» Data extract:

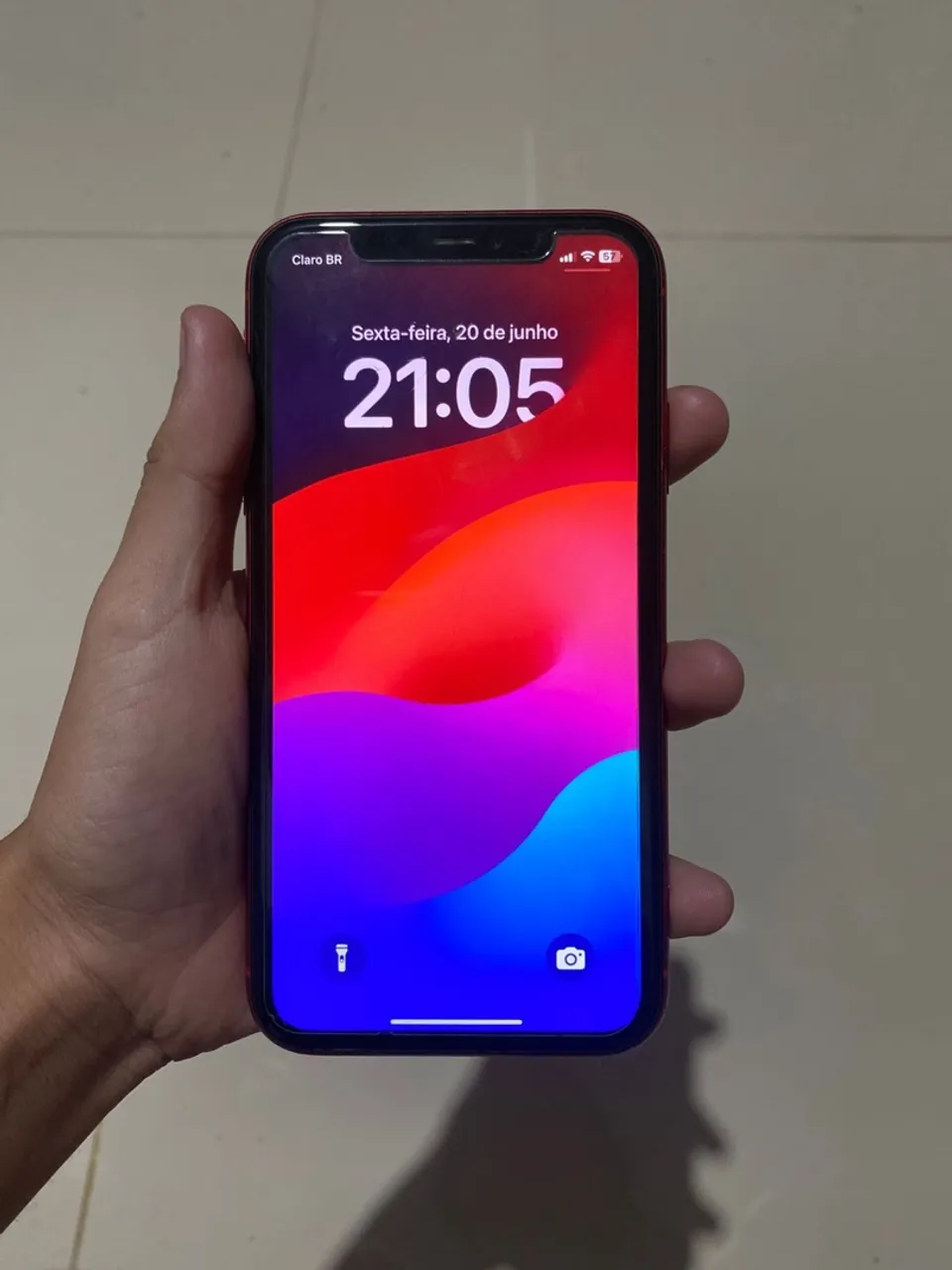 Vendo iPhone 11 com caixa e o cabo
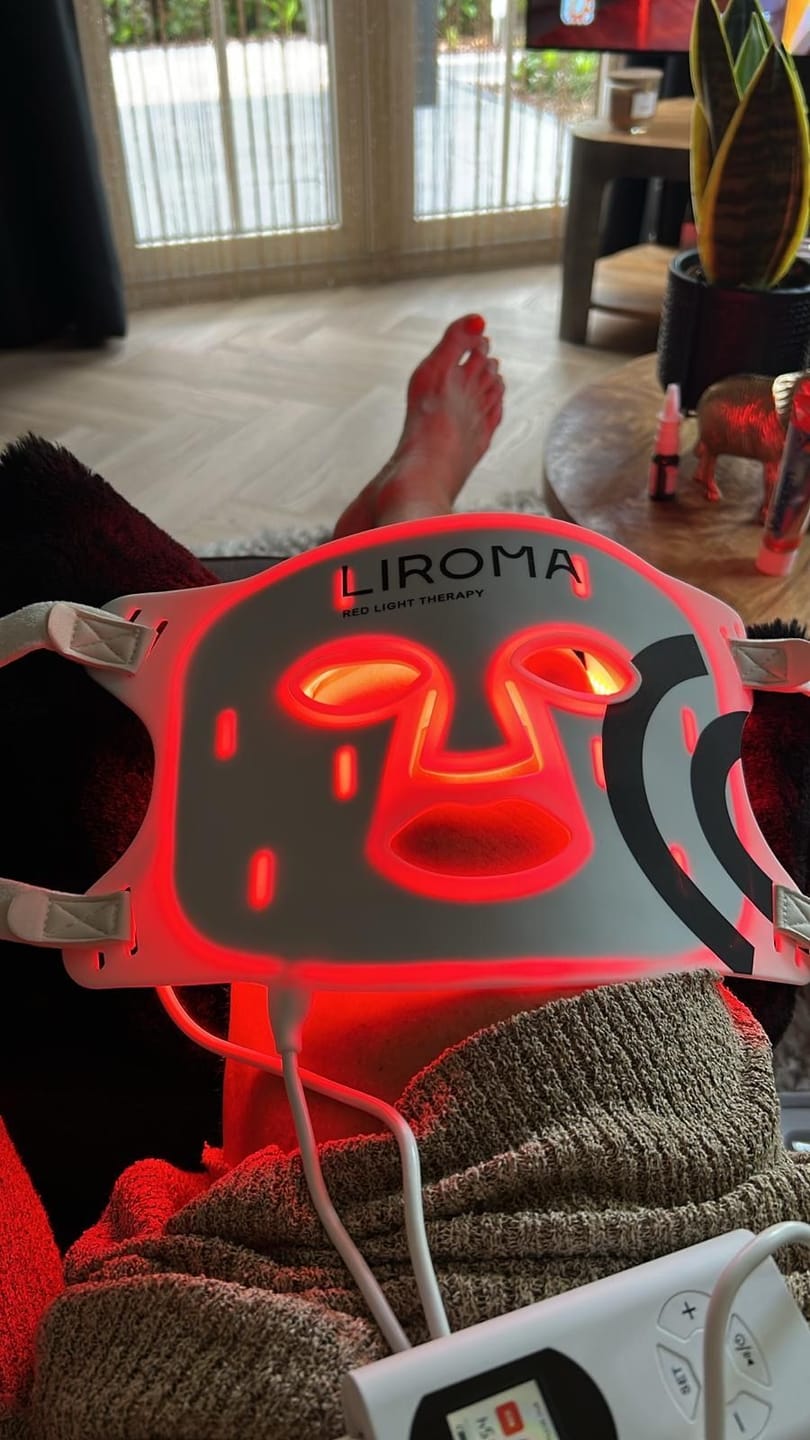 Customer photo review of GLOW® LED Gezichtsmasker - Lichttherapie met Nabij-Infrarood & Roodlicht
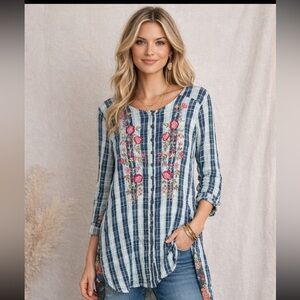 Aratta Silent Journey Floral Embroidered Plaid Cotyon Tunic in size xl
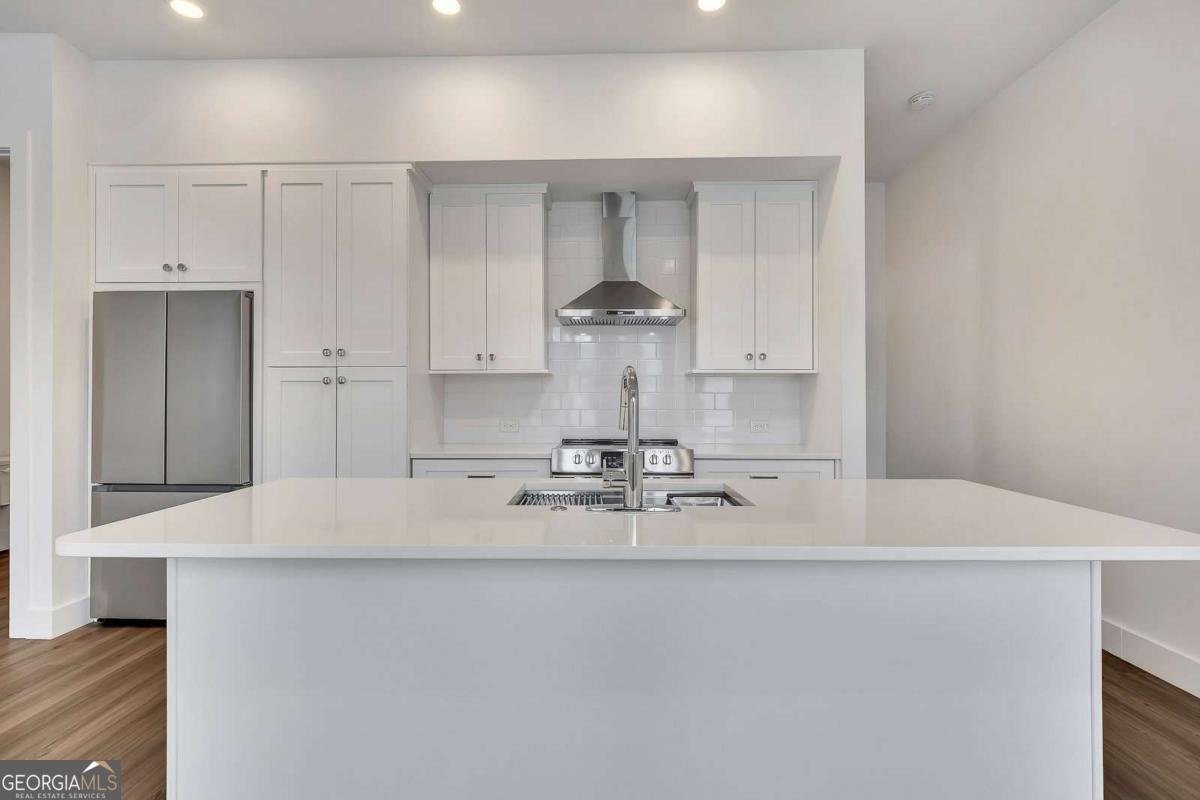 9040 Main Street Woodstock - Photo 10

» Exercise instructions: Return the complete material exactly as given, excluding images.

» Expected output:
 Vendo iPhone 11 com caixa e o cabo
 Customer photo review of GLOW® LED Gezichtsmasker - Lichttherapie met Nabij-Infrarood & Roodlicht
 Aratta Silent Journey Floral Embroidered Plaid Cotyon Tunic in size xl
 9040 Main Street Woodstock - Photo 10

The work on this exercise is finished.